「傲慢と善良」 2024年製作 日本
萩原健太郎監督の映画『傲慢と善良』は、辻村深月(つじむら みづき)のベストセラー小説を原作に、藤ヶ谷太輔さんと奈緒さんのW主演で実写映画化した恋愛ミステリーです。
奈緒さんは、NHK連続テレビ小説『半分、青い。』(2018年)で、永野芽郁さん演じる主人公の親友役を務めていました。
結婚式を目前に控えたある日、真実が突然姿を消します。婚約者の架(かける)は必死に行方を追いますが、その過程で、控えめで穏やかだと思っていた彼女が抱えていた秘密を知ることになります。
本作は現代の婚活を舞台に、男女の価値観のすれ違いや、「傲慢」と「善良」という人間の本質を描いた作品です。
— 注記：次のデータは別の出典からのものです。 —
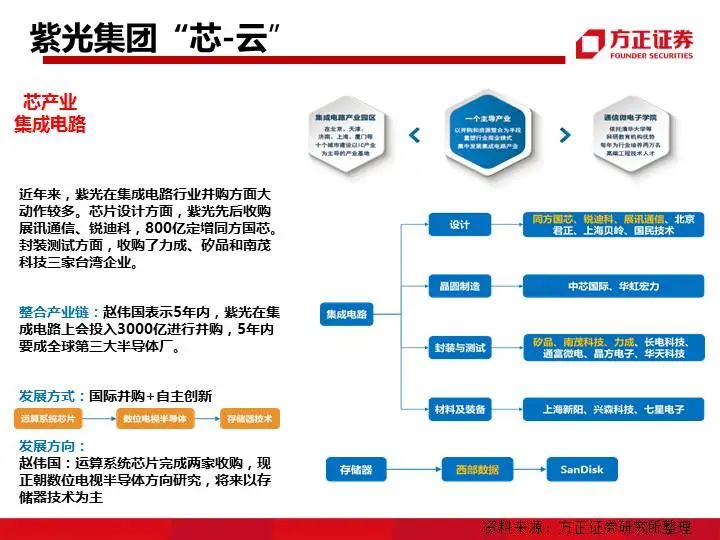 九大系资本并购模式解析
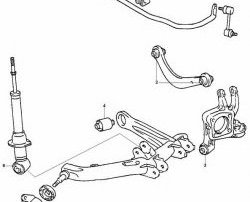 249 р. Полиуретановая втулка стабилизатора задней подвески Точка Опоры Toyota Corolla Fielder E120 универсал 1-ый рестайлинг (2002-2004)  с доставкой в г. Королёв. Увеличить фотографию 2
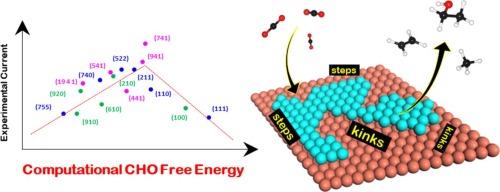 Computational descriptor for electrochemical currents of carbon dioxide reduction on Cu facets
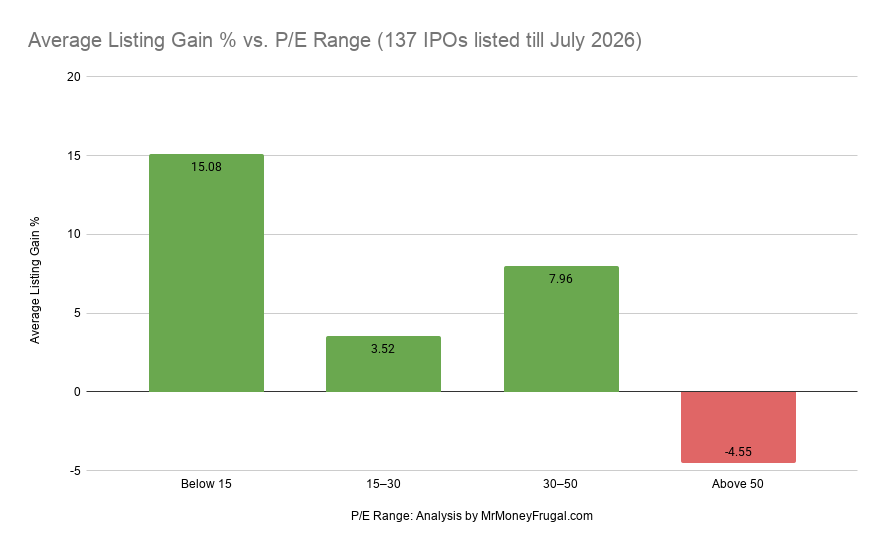 Average Listing Gain % vs. P_E Range (137 IPOs listed till July 2026) Average Listing Gain % vs. P_E Range (137 IPOs listed till July 2026)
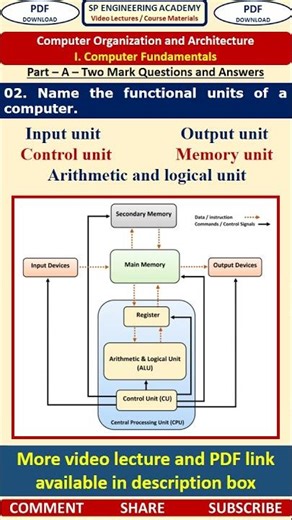 02CO1 Computer Organization Part A Questions Name the functional units of a computer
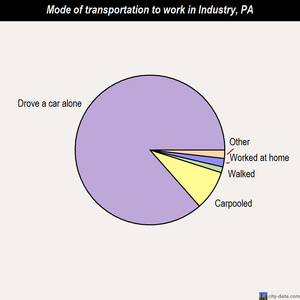 Industry mode of transportation to work chart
誰もが持つ「自分を正当化してしまう傲慢さ」と、「環境や他人に依存してしまう善良さ」という二面性に鋭く切り込んでいます。
ただし、私は主人公の二人が「傲慢」と呼ぶほどひどい行動や言動をしているとは感じませんでした。むしろ二人とも、どちらかといえば善良な人間として描かれています。本作が今ひとつ強い印象を残さないのは、このテーマの描き方がやや穏やかすぎるからかもしれません。
「結婚したい気持ちはあるのに決めきれない」架(藤ヶ谷太輔さん)と、「親の敷いたレールの上で善良に生きてきた」不器用な真実(奈緒さん)。二人の姿には、自分自身を重ねてしまう場面があります。また、思わずハッとさせられるセリフも随所に登場します。
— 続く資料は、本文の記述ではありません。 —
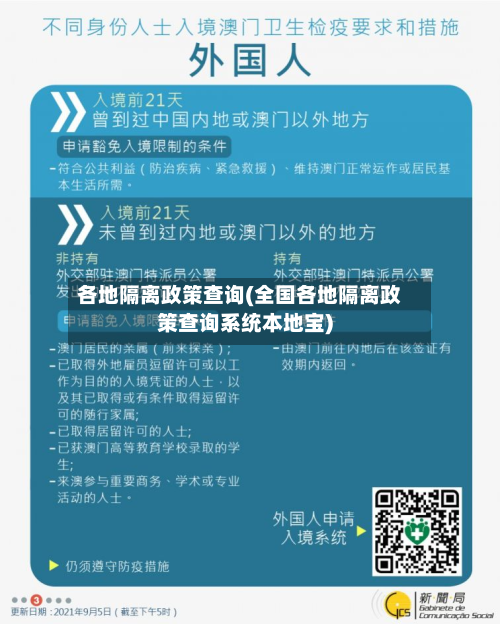 各地隔离政策查询(全国各地隔离政策查询系统本地宝)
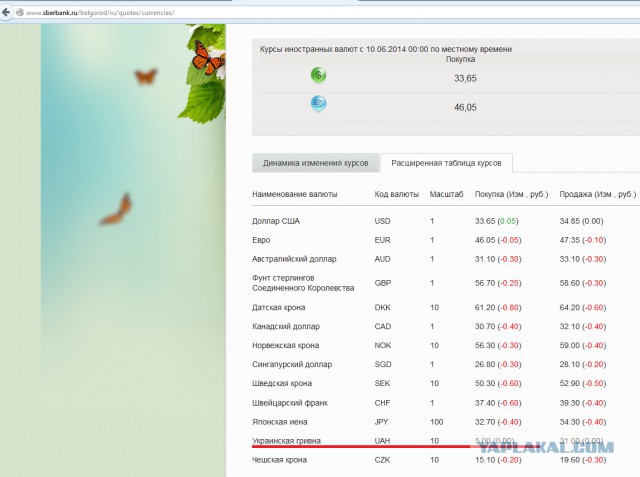 Курс рубля к гривне 1 к 1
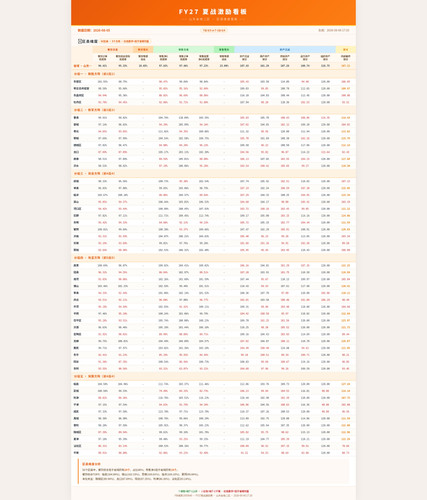 summer incentive cnty hd.jpg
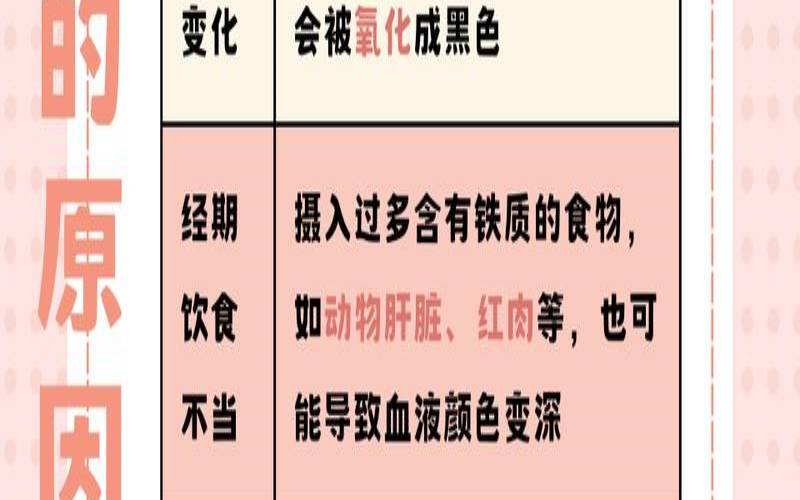 月经期可以喝红茶吗,姨妈是黑褐色的怎么回事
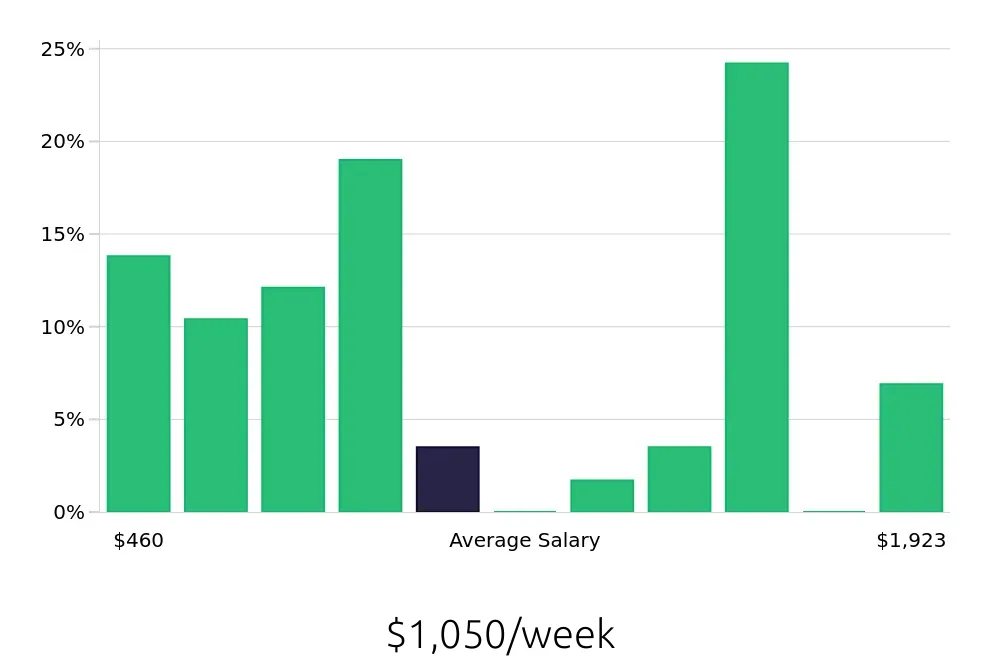 Graph depicting the weekly salary distribution for Sales Associate jobs in Shakopee, MN, showing an average salary of $1,050 with varying distribution percentages across salary ranges.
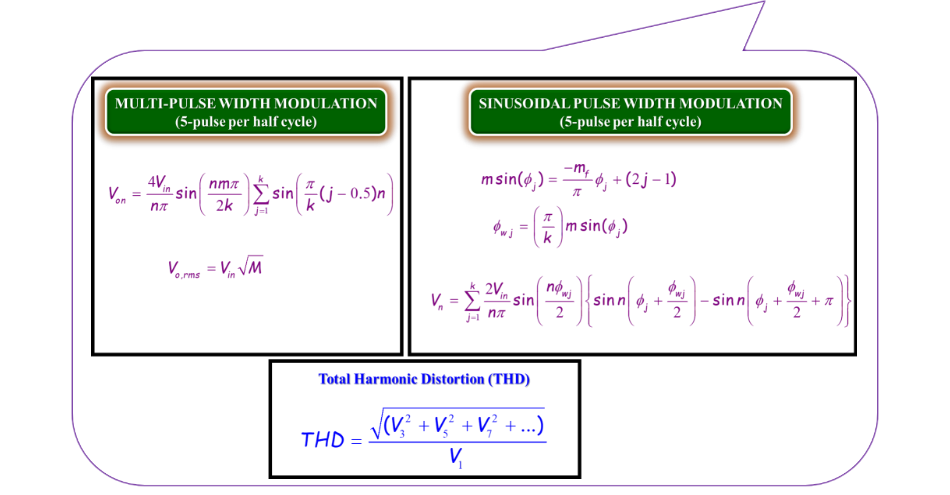 formulas_efficiency.png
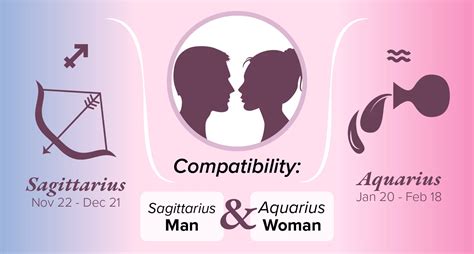 Sagittarius Man and Aquarius Woman Compatibility: Love, Sex, and Chemistry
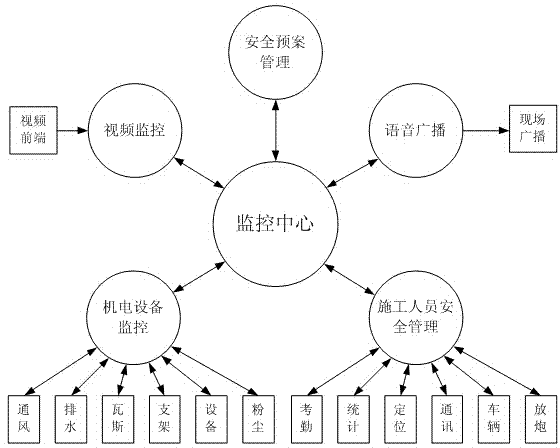 Tunnel construction safety monitoring and management system and tunnel construction safety monitoring and management method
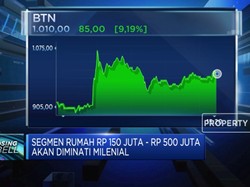 Ada Corona, KPR BTN Turun 40% (ytd)
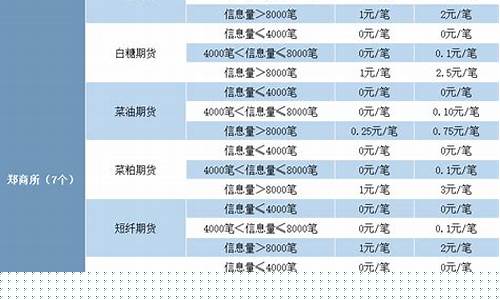 期货交易所申报价格(期货交易所报价规则)_https://www.dcjwmf.com_上期所_第1张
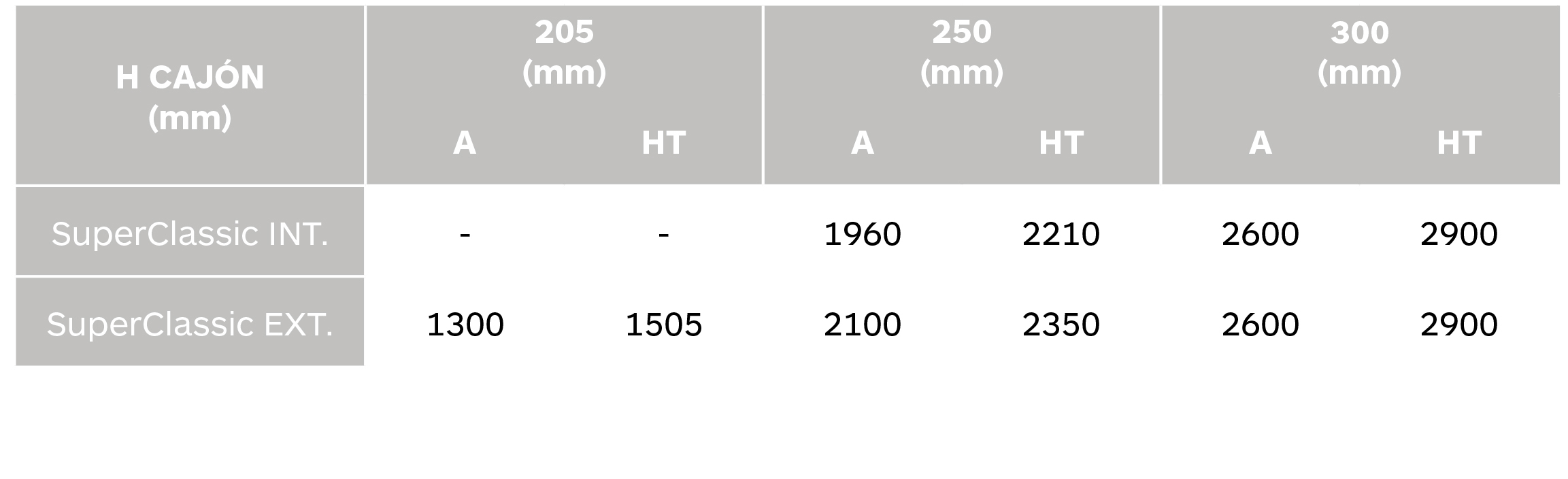 Tabla enrollamiento renovacion superclassic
架は婚活で女性と会った後、「婚活は就職活動に似ている。恋愛の楽しい部分が薄められ、社会的な価値だけが試される」と感じます。この言葉は、私がテレビなどで婚活の様子を見るたびに抱いていた違和感を、見事に言語化しているように思いました。
その後、架と婚活相手との出会いが何度か描かれた後に登場する真実は、純粋で清楚な印象を与えます。さらに、飲食店で隣にいたおばあさんが飲み物をこぼした際、とっさに「大丈夫ですか?」と声をかけて、自分の椅子に置いていたバッグの中身をぶちまけてしまいます。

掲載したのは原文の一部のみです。